The University of Hawaii Cancer Center needs a lifeline — at least for the short term — and state lawmakers must recognize that cutting financial support now would damage the center’s long-term viability and curtail research vital to local communities.
Denying support at this juncture would cause a ripple effect that could include the Cancer Center losing is National Cancer Institute (NCI) designation.
That, in turn, would cripple the center’s access to millions in federal grants and recruitment of high-caliber scientists into its research program.
UH had asked for $5 million in continued state support this year, but Gov. David Ige reduced the request to $4 million.
While some legislators have grown weary of supplementing the budget of the Cancer Center, which is saddled with an $8 million annual mortgage for its oversized Kakaako facility and is dipping into its reserve cigarette tax fund, it makes little sense to risk valuable federal dollars and potential lifesaving advances. Not when more than 6,000 Hawaii residents are diagnosed with an invasive cancer each year, and more than 2,000 will die from the disease annually.

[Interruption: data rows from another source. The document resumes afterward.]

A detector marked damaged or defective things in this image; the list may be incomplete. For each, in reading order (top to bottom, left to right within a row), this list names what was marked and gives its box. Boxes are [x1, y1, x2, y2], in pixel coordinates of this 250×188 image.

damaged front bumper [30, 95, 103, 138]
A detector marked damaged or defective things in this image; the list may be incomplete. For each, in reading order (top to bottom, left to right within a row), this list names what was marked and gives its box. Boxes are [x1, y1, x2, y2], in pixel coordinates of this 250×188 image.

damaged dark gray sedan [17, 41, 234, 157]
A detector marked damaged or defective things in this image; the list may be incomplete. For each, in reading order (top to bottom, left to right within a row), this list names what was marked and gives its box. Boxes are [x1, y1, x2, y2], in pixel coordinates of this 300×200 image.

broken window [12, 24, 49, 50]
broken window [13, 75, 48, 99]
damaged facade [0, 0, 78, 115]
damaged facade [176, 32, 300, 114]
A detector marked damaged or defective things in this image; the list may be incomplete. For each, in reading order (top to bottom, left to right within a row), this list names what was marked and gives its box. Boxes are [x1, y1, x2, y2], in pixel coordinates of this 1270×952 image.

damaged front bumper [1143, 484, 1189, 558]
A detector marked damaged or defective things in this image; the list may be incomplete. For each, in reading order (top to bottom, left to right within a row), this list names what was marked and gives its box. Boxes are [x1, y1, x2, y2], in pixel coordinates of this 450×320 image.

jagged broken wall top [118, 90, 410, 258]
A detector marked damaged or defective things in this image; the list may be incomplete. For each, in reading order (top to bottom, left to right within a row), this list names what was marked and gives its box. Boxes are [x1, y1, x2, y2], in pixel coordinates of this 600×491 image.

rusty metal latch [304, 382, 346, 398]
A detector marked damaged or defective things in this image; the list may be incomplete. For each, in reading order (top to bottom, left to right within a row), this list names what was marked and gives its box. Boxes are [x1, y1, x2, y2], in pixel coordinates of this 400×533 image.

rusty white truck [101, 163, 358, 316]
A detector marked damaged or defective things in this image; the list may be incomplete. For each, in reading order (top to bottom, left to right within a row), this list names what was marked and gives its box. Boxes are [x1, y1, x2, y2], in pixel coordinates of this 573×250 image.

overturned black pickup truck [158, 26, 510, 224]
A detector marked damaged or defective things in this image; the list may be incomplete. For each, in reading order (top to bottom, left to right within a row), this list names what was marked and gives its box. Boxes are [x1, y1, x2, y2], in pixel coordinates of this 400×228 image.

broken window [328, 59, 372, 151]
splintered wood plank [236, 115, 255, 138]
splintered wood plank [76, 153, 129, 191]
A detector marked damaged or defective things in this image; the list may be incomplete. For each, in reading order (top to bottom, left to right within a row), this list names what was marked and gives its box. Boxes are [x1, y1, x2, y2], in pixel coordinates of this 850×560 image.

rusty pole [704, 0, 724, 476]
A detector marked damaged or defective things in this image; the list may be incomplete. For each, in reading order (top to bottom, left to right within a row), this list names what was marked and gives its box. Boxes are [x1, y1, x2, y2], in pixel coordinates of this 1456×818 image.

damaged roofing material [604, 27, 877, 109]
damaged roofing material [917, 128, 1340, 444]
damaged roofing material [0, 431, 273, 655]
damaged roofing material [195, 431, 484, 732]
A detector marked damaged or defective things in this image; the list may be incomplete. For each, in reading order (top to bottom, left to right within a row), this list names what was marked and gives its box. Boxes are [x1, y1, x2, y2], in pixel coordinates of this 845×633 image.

Star-Advertiser staff writer Kristen Consillio, in a three-part series, highlighted Cancer Center
research breakthroughs that serve local populations and beyond:
>> Tracking a group of ethnically diverse Hawaii patients for more than 20 years, monitoring their food, lifestyle choices and whether they develop health problems such as cancer.
The study has led to insights into how genetics and nutrition interact to determine cancer risk. Such long-term studies can have a direct impact on local residents.
>> Finding six genetic variants associated with an increased risk of colorectal cancer, as part of an international study that will help identify individuals who should be prioritized for colonoscopy screening to find tumors earlier, increasing chances of survival.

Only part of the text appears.